Stored data Block Start
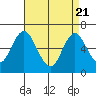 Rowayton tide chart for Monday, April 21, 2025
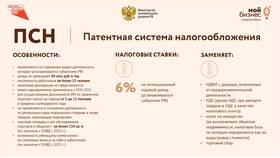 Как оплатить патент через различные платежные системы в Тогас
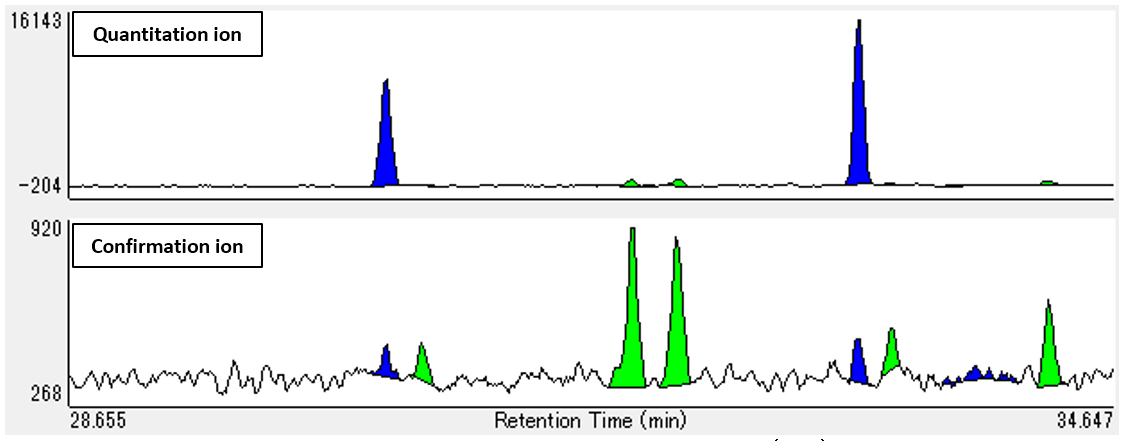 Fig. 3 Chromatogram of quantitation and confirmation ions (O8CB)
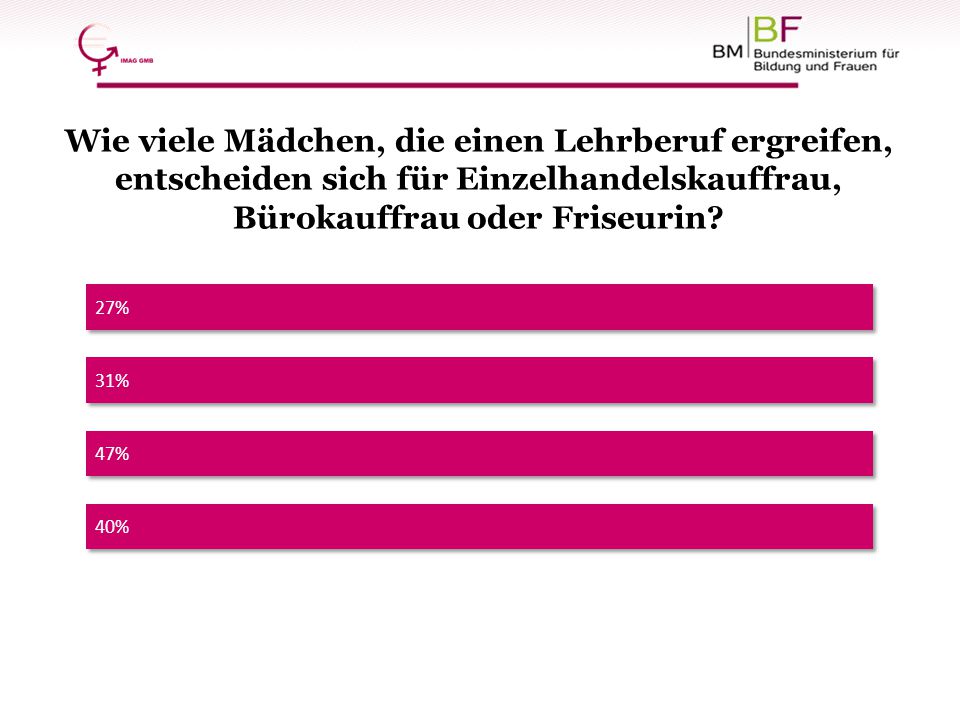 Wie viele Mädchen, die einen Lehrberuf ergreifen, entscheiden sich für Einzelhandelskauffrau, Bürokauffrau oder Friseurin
Stored data Block End
§ **Exercise details**
Every line above gets copied exactly; none of the pictures do.

§ **Solution to this problem**
 Rowayton tide chart for Monday, April 21, 2025
 Как оплатить патент через различные платежные системы в Тогас
 Fig. 3 Chromatogram of quantitation and confirmation ions (O8CB)
 Wie viele Mädchen, die einen Lehrberuf ergreifen, entscheiden sich für Einzelhandelskauffrau, Bürokauffrau oder Friseurin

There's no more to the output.